The COVID-19 pandemic fundamentally changed the way societies think about health security, remote work, supply chains and government intervention. In a similar way, the Iran conflict and resulting oil shock may become one of those defining geopolitical and economic moments where governments, businesses and communities conclude that some assumptions about energy, transport, globalisation and affordability can no longer be relied upon.

Background

The global fallout from the Iran conflict is immense. Beyond the tragic loss of life, the destruction of cities and communities, and the displacement of populations, the conflict is also damaging critical energy infrastructure and disrupting global supply chains. The resulting fuel shock is now placing pressure on economies around the world through higher energy prices, inflation, and supply chain disruption.

Global Vulnerabilities

One of the biggest long-term changes may be the way we think about energy security. The closure and disruption around the Strait of Hormuz has demonstrated how vulnerable the global economy remains to concentrated supply chains. Energy agencies are framing this crises as a structural energy security event, more than an oil price spike.

As a consequence, governments are likely to accelerate investment in domestic energy resilience. This may include large-scale renewable energy, battery storage, nuclear in some jurisdictions, strategic fuel reserves, local manufacturing capability, and electrification of transport fleets. Depending on local politics it may also involve “Drill Baby Drill” – the return to fossil fuel exploration policies. The notion that electrification is only an environmental policy is likely to diminish.
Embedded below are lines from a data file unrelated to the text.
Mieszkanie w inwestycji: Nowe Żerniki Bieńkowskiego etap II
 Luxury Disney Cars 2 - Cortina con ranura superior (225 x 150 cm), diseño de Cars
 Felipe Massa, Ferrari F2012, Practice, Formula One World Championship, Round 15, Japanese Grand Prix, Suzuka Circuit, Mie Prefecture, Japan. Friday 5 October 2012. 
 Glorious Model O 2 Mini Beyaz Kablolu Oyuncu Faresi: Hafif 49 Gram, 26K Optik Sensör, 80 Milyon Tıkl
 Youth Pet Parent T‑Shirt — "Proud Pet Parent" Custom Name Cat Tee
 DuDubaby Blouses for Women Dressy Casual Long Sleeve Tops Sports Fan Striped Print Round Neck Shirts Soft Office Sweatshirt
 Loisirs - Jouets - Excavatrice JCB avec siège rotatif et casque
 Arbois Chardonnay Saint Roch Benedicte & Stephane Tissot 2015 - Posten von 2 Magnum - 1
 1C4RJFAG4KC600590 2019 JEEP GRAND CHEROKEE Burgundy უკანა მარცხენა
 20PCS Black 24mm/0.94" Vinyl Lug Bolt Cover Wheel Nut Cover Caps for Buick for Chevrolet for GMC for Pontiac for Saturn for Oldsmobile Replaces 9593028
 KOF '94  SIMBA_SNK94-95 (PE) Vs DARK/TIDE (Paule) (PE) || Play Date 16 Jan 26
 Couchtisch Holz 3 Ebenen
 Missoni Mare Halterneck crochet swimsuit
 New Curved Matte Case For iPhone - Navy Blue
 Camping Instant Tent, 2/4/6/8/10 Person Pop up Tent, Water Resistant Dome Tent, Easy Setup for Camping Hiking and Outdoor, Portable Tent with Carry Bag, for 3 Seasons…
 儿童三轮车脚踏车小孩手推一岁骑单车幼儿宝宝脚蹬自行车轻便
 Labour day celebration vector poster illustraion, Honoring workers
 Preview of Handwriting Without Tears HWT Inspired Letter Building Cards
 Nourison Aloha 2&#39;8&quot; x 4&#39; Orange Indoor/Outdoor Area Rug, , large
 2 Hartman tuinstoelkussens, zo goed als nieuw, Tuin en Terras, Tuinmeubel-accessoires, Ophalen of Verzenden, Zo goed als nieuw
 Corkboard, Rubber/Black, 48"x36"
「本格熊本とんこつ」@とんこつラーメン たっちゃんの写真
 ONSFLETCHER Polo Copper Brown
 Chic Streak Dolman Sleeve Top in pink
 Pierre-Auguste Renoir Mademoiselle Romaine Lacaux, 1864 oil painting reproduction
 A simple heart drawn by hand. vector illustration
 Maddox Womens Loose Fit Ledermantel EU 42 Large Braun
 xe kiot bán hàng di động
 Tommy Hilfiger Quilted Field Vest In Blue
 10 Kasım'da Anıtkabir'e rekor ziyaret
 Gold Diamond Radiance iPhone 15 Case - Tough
Increasingly it may be treated as a national economic resilience and sovereignty policy.

Transitioning to EVs

Organisations slowly transitioning to EVs are revisiting those plans with greater urgency. High and volatile fuel prices fundamentally alter whole-of-life cost calculations. Many councils and businesses that were hesitant about EV transition due to capital costs may begin focusing more heavily on exposure to oil price volatility and operational risk. The conversation may shift from “Should we transition?” to “How quickly can we reduce oil dependency?” This is particularly relevant for local government fleets delivering community services, logistics operations and community transport.

At the same time, some traditional operational models may come under pressure. Long supply chains, “just-in-time” delivery systems and highly fuel-dependent logistics models have again been exposed as fragile. The pandemic highlighted vulnerabilities in global manufacturing and freight systems. Businesses and governments may increasingly favour regionalisation, redundancy and local capability over pure efficiency.

The End of Cheap Energy

Another likely long-term change is around inflation expectations and public finance. For many years advanced economies became accustomed to relatively low inflation and cheap energy. That era may be ending. Persistent energy volatility feeds into construction costs, food prices, freight, utilities and wages.

For Australian councils operating under rate caps, this could create ongoing financial pressure. The mismatch between capped revenue growth and energy-driven expenditure growth may force more service reviews, prioritisation exercises and infrastructure project deferrals.

Permanent Changes for Households

Consumer behaviour may also permanently change. Households may become more cautious about vehicle choices, commuting patterns and discretionary spending. Demand for fuel-efficient vehicles, hybrids and EVs could strengthen. There may also be renewed interest in remote work and decentralised services if commuting costs remain elevated.

Sovereign Capability

Politically, governments may become less willing to leave essential infrastructure entirely to market forces. The oil shock may strengthen arguments for industrial policy, sovereign capability and state intervention in energy, transport and manufacturing. Strategic industries such as critical minerals, batteries, renewable energy equipment and semiconductors may increasingly be viewed through a national security lens rather than purely an economic one.

Much like COVID-19 changed perceptions about pandemics and public health preparedness, the Iran conflict will reshape assumptions about cheap energy, stable supply chains and the predictability of the global economy. Businesses and governments may increasingly plan around resilience and redundancy rather than assuming stability will naturally return.